The Nordic Warrior Queen said I’m getting…well, a little husky. What? “I didn’t say you were fat, dear.” Sure she didn’t. I know what it means. When I was a kid, there were three types of Wrangler jeans – Slim, Regular, and Husky. All the fat kids wore the ones labeled Husky, including Scotty Wilson, who was regularly hung from the jungle gym by his underwear at recess. I can still remember the sound of the elastic tearing, and the howls of laughter coming from the Slims and Regulars.

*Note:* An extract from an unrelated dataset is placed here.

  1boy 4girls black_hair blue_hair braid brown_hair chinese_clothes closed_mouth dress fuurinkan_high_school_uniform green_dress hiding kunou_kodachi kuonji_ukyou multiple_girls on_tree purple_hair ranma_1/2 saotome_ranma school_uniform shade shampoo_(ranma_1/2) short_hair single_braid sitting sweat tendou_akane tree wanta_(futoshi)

So I decided to do something about it. After all, I’m nearly fifty; maybe it’s time to start watching what I eat. No more barbeque potato chips, Macadamia nut cookies, deep-dish pizza, or grilled burritos. For nearly two entire weeks I stopped drinking beer, ate seventeen servings of fruits and vegetables each day, and exercised like a madman. I hit the Nautilus, did curls until my arms ached, and squatted until I couldn’t stand up. But I knew Dr. Oz (that quack) would recommend something more cardiovascular – that I should get my heart pumping.
She suggested I walk every day, but by Tuesday I was bored out of my skull. Besides, I could walk to the Grand Canyon and back and not lose half a pound. Worse, every hundred yards or so I’d get passed by one of those 70-something old fucks: the guy who drinks Wheatgrass and tofu soy shakes for breakfast, has abs of steel and the sexual energy of a sixteen-year old son of a sheep farmer. Yeah, that guy.
So I started running. Of course, the Nordic Warrior Queen said I should work my way up slowly. That running is hard on your joints. Whatever. I wasn’t going to get shown up by some Jack Lalanne wanna-be. I admit it was a little rough at first. I might have puked once or twice. But by day five, I was whizzing past that geriatric bastard. Eat dust, you old fogey. I bought a pair of $250 running shoes and dropped another $70 on color coordinated running clothes.
It was going great until one day, while making plans for the Phoenix Marathon, I tripped in a gopher hole on the second lap. I could actually feel my tendon rip. Ouch. I limped home in agony. Unfortunately, I’d scoffed at my wife’s advice, so I had to hide my pain, lest she lay that big “I told you so” on me. I lasted two hours before she got it out of me. I think she’s told everyone in her family by now that I hurt myself running – Can you believe he was running at his age? I told him not to do that. Na-na-na-na-boo-boo.
It’s just a temporary setback. I need a couple more weeks to recover, that’s all, and I’ll soon be passing that skinny old bastard once again. And so I can stay motivated, I’ve been bringing a cooler full of beer down to the track and watching the runners every afternoon. It’s important to stay hydrated.